Si tratta di una scoperta molto importante, anche perché sulla Terra la maggior parte del metano è prodotto da fonti organiche, mentre per il metano marziano si ritiene sia stato prodotto da processi abiotici. I dati di Curiosity hanno così permesso di rilevare un ciclo stagionale che oscilla tra 0.24 e 0.65 parti per milione, con un picco sul finire dell’estate nell’emisfero settentrionale del pianeta. Questo fa pensare che il rilascio del metano in superficie sia dovuto ai cambiamenti stagionali di temperatura, che portano alla liberazione del gas immagazzinato nei cristalli a base di acqua detti “clatrati” che si trovano nel freddo sottosuolo marziano.

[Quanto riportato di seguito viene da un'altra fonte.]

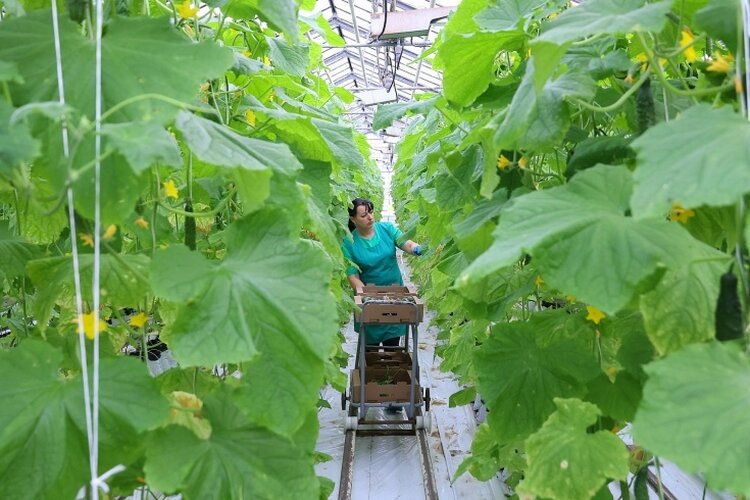 В тепличном комплексе «Трубичино» на празднике первого огурца подчеркнули плюсы биологизации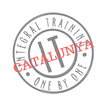 IT Catalunya 圖標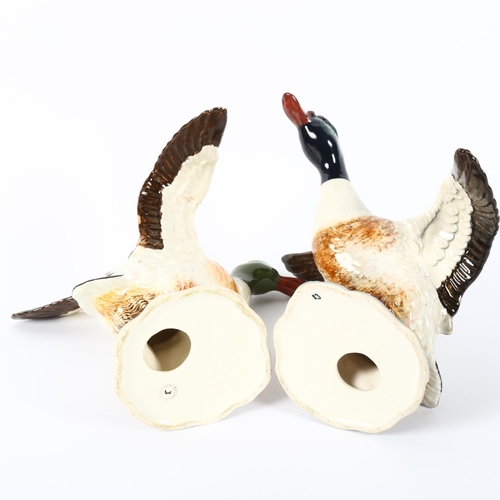 520 - A pair of Beswick shelduck with outstretched wings, 994 and 995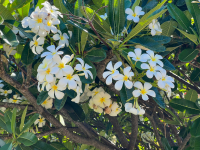 Maui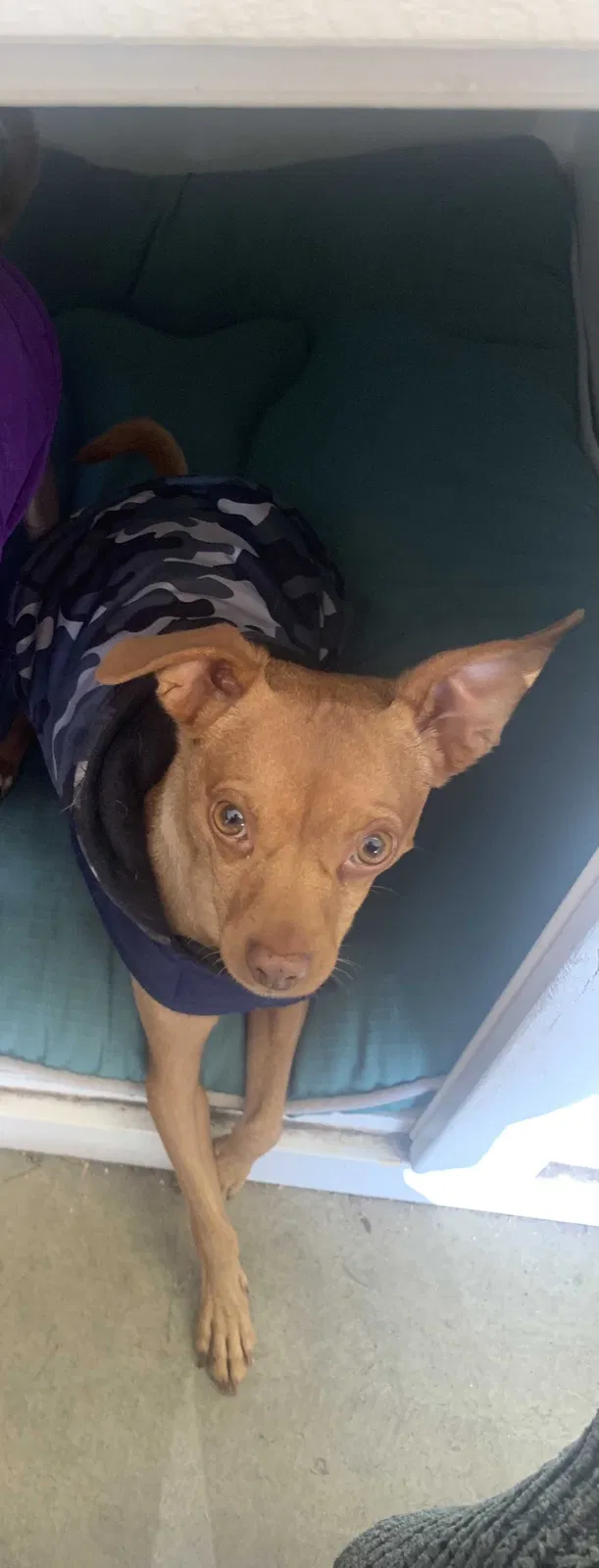 Lost dog in Lake Elsinore, CA, 92530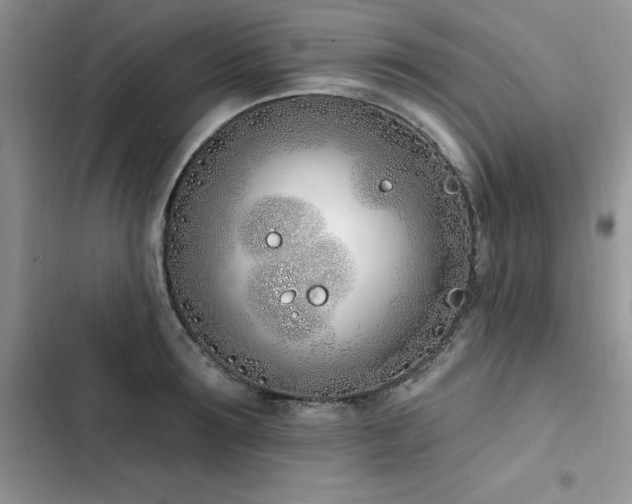 X0000103230899200808281428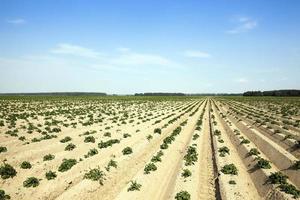 Landwirtschaft, Kartoffelfeld foto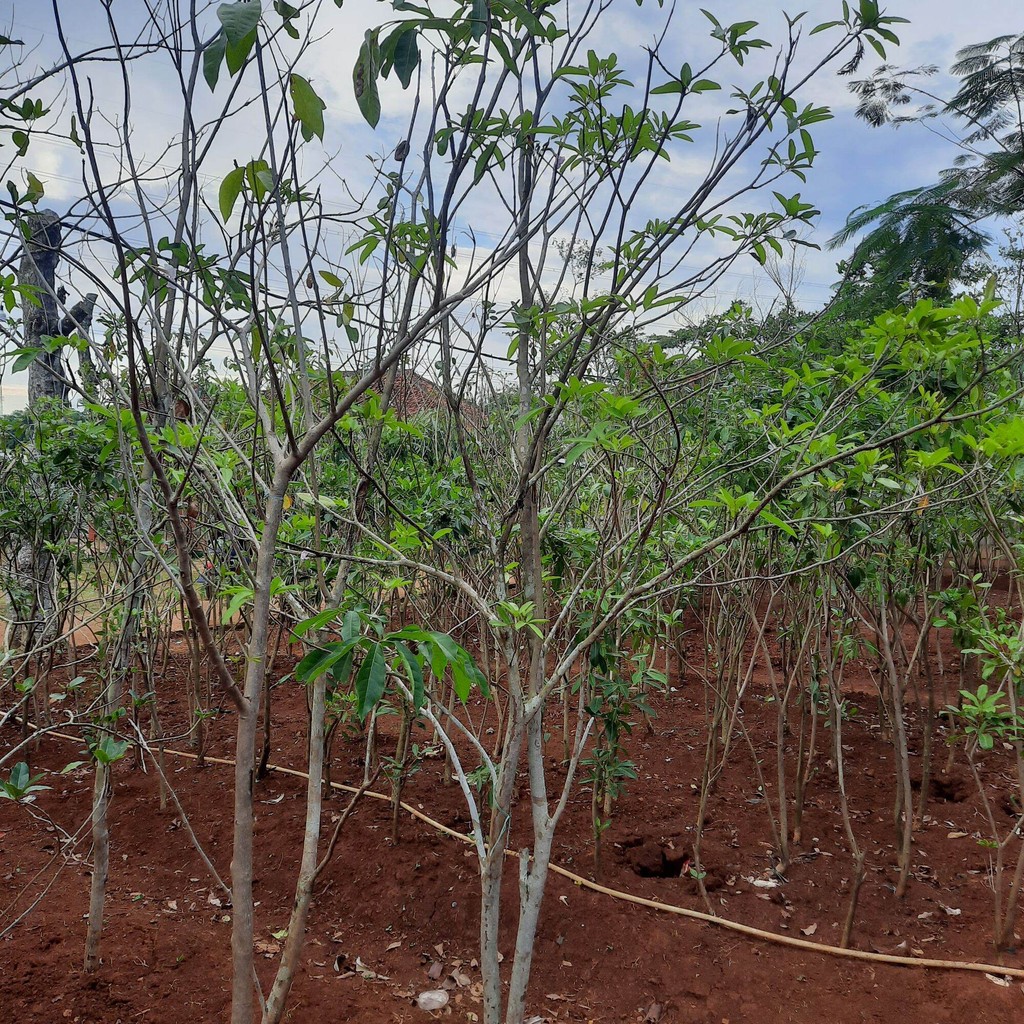 TANAMAN TABEBUYA BUNGA PINK 2 METER / POHON TABEBUYA 2 METER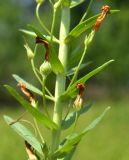 Gratiola officinalis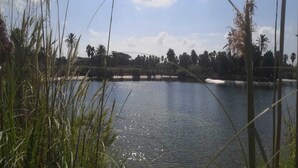 A calm lake with tall grasses in the foreground and a clear sky. - Can Xesquet - Villa With Private Pool. Free Wifi (Ses Salines, Illes Balears)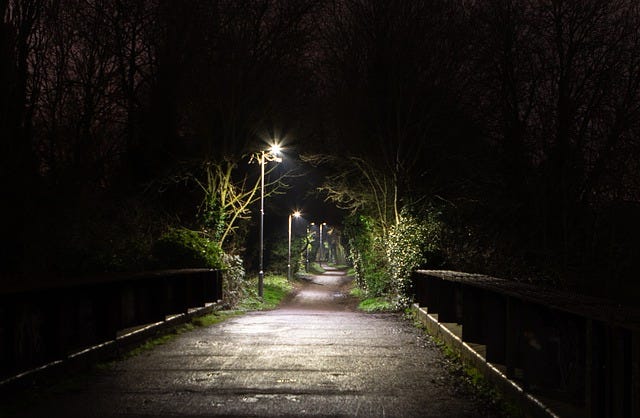 Dark street with trees and hedges lit only by streetlights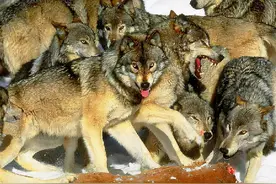 七只狼斗猛虎，一场不得不打的战斗，只为报答猎人的养育之恩图片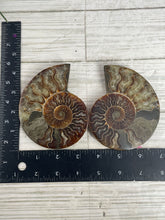 Load image into Gallery viewer, Ammonite Fossil Pair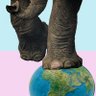 Profilbild von Elefante🐘de marfil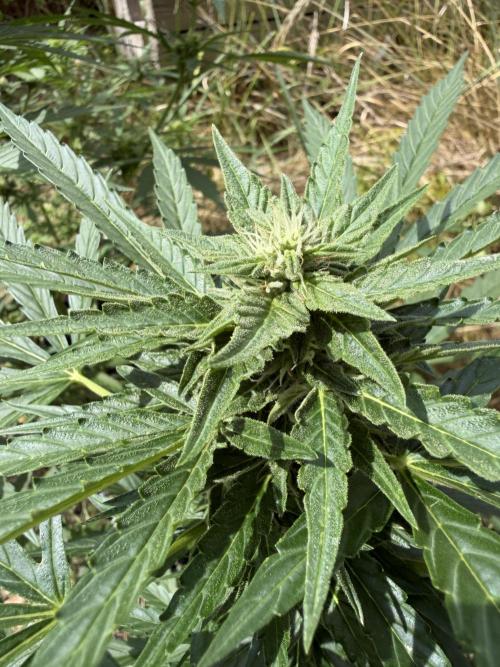 Forbidden Runtz Auto -Sponsored. Week 8
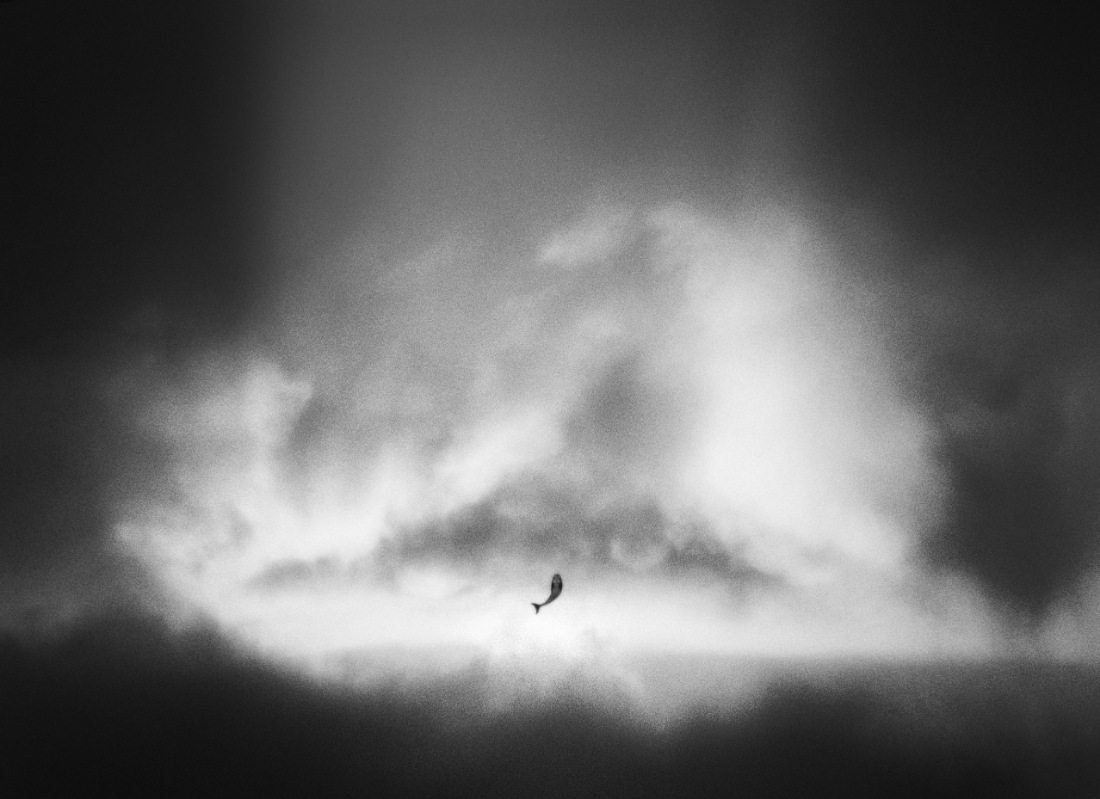 Freedom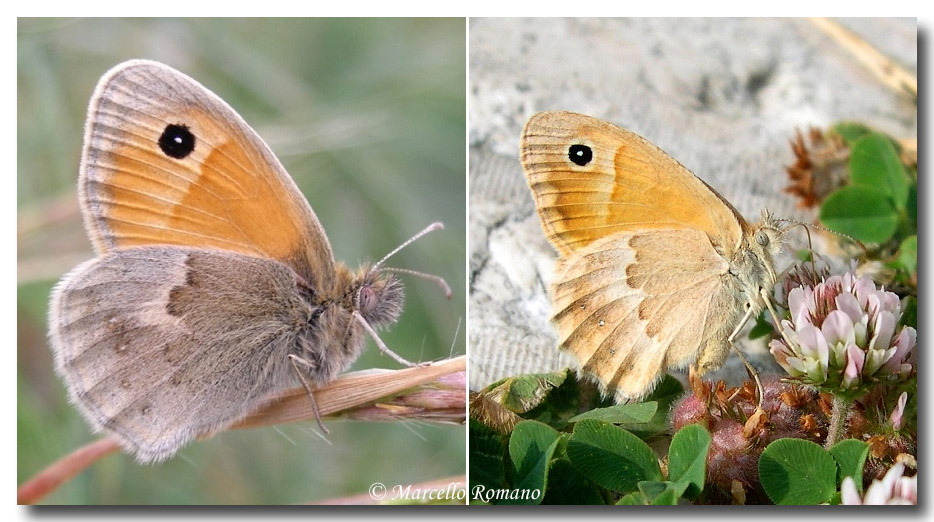 Variabilit di Coenympha pamphilus?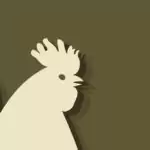 Петел - китайски хороскоп Петел - китайски хороскоп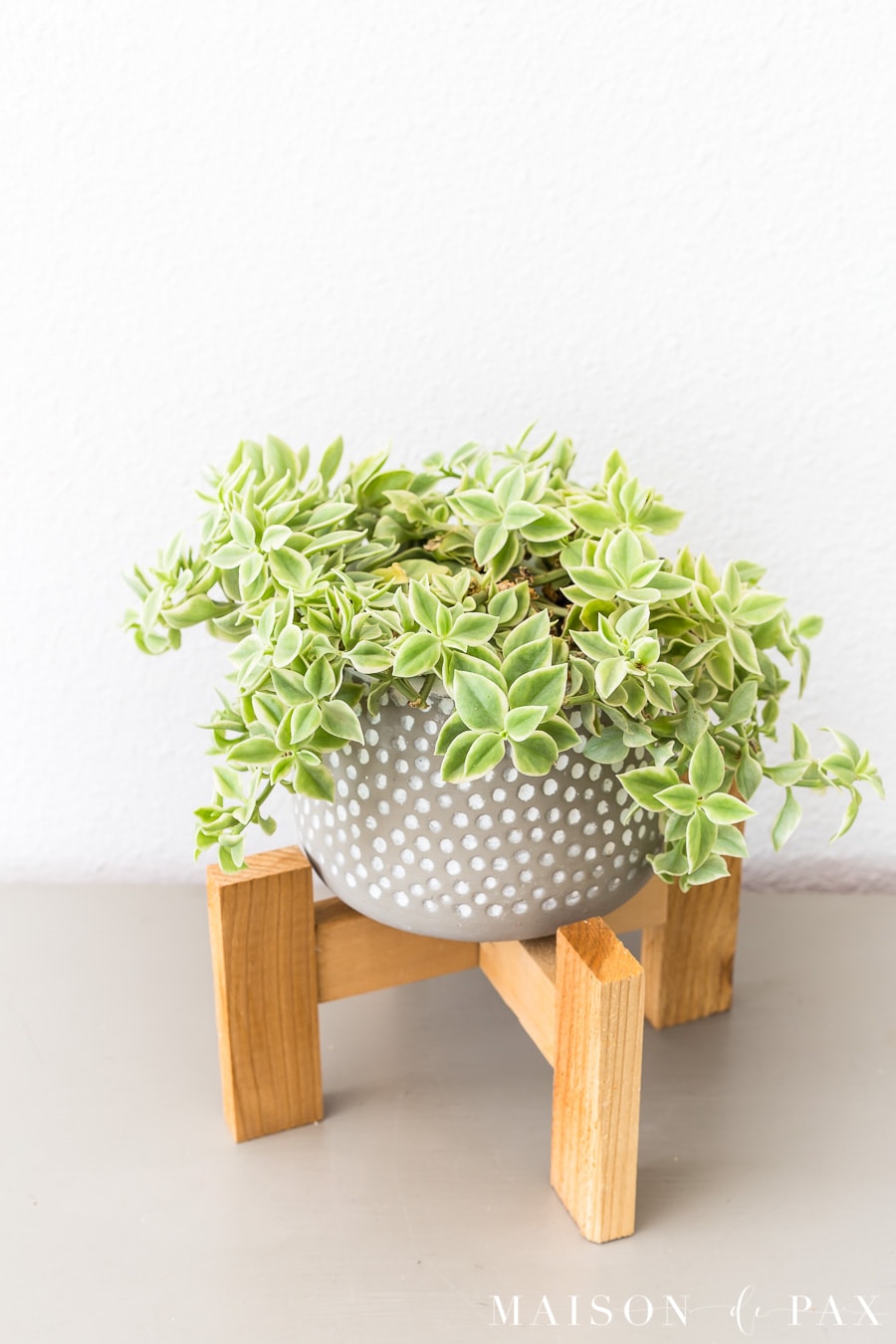 DIY Cedar Wood Plant Stand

Da Curiosity al futuro: c’è stata vita?
Nel corso degli anni di attività il rover Curiosity ha permesso la scoperta di molte caratteristiche del suolo e del sottosuolo marziano, dimostrando l’esistenza dei mattoni della vita, una condizione che insieme all’acqua allo stato liquido fa pensare che il suolo di Marte fosse in passato popolato. Se così non fosse, la loro presenza sarà fondamentale per il supporto alla vita delle popolazioni terrestre che cercheranno di colonizzarlo. Michael Meyer, scienziato a capo del del Mars Exploration Program della NASA, ha spiegato:
“Questi sono segni della possibile vita su Marte? Noi non lo sappiamo ancora, ma questi risultati ci dicono che siamo sulla strada giusta”.
Proprio sul lavoro e sui successi del rover Curiosity infatti si preparano le future missioni di esplorazione del pianeta rosso. Nei prossimi anni infatti la NASA lancerà il rover Mars 2020, mentre l’ESA si prepara al lancio della missione ExoMars. Due missioni il cui obiettivo sarà quello di perforare in profondità il suolo marziano e di studiarne sia la superficie che il sottosuolo a caccia anche di altri composti organici, che potranno finalmente rispondere alle domande che da tempo tormenta gli scienziati: Marte era abitabile 3,5 miliardi di anni fa o lo sarà per l’uomo in futuro?